Cluster-Based Generalized Additive Models Informed by Random Fourier Features
Xin Huang, Jia Li, Jun Yu
TL;DR
This work addresses the tension between predictive accuracy and interpretability in regression by proposing a mixture of generalized additive models (GAMs) guided by random Fourier feature (RFF) representations. An RFF embedding is learned and compressed with PCA, then soft-clustered via a Gaussian mixture model; cluster-specific GAMs are fitted to capture nonlinear effects in each region, with the final predictor a weighted sum over clusters. Empirical results on California Housing, Airfoil Self-Noise, and Bike Sharing show that the proposed approach surpasses classical interpretable baselines and closely tracks or competes with RFF-based methods, while offering transparent, per-cluster nonlinear effects.
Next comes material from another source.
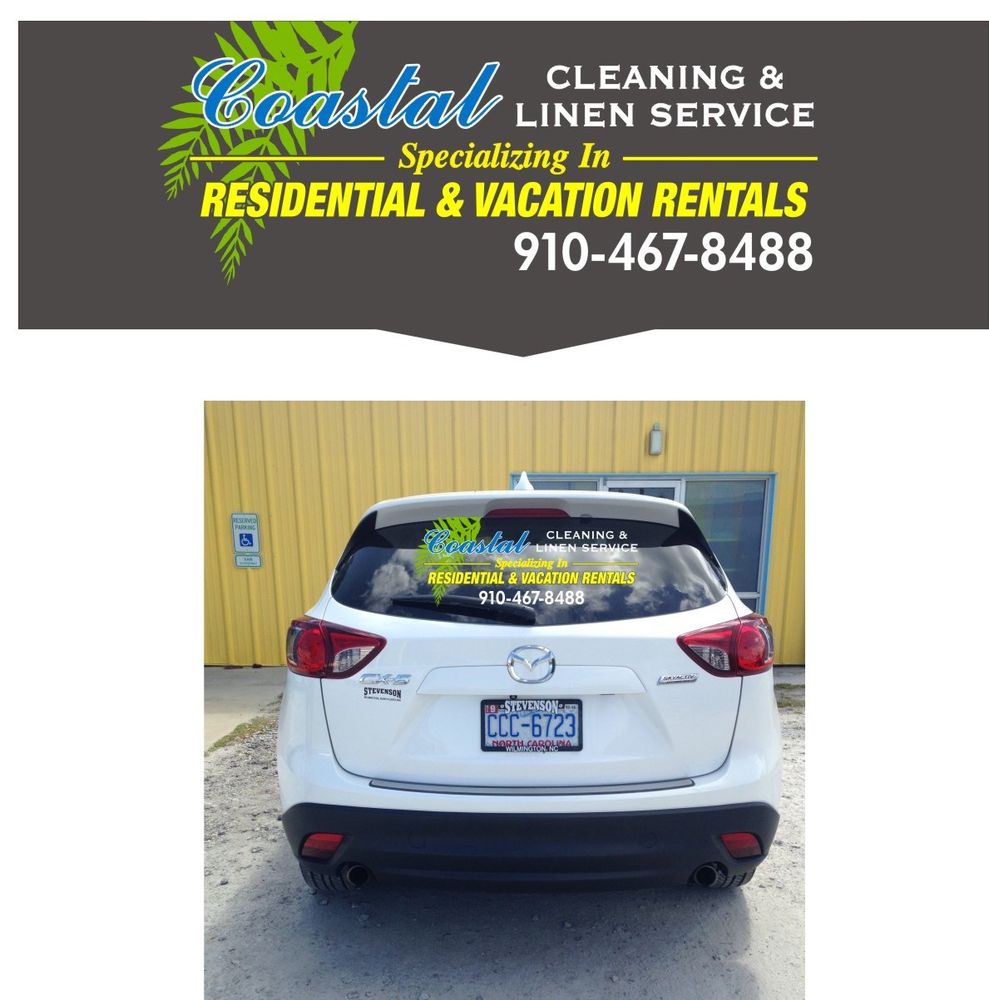 Coastal Cleaning and Linen Service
The method provides a principled way to combine representation learning with transparent statistical modeling, yielding interpretable insights such as spatial or spectral structure driving cluster formation.
Abstract
Explainable machine learning aims to strike a balance between prediction accuracy and model transparency, particularly in settings where black-box predictive models, such as deep neural networks or kernel-based methods, achieve strong empirical performance but remain difficult to interpret. This work introduces a mixture of generalized additive models (GAMs) in which random Fourier feature (RFF) representations are leveraged to uncover locally adaptive structure in the data. In the proposed method, an RFF-based embedding is first learned and then compressed via principal component analysis. The resulting low-dimensional representations are used to perform soft clustering of the data through a Gaussian mixture model. These cluster assignments are then applied to construct a mixture-of-GAMs framework, where each local GAM captures nonlinear effects through interpretable univariate smooth functions. Numerical experiments on real-world regression benchmarks, including the California Housing, NASA Airfoil Self-Noise, and Bike Sharing datasets, demonstrate improved predictive performance relative to classical interpretable models. Overall, this construction provides a principled approach for integrating representation learning with transparent statistical modeling.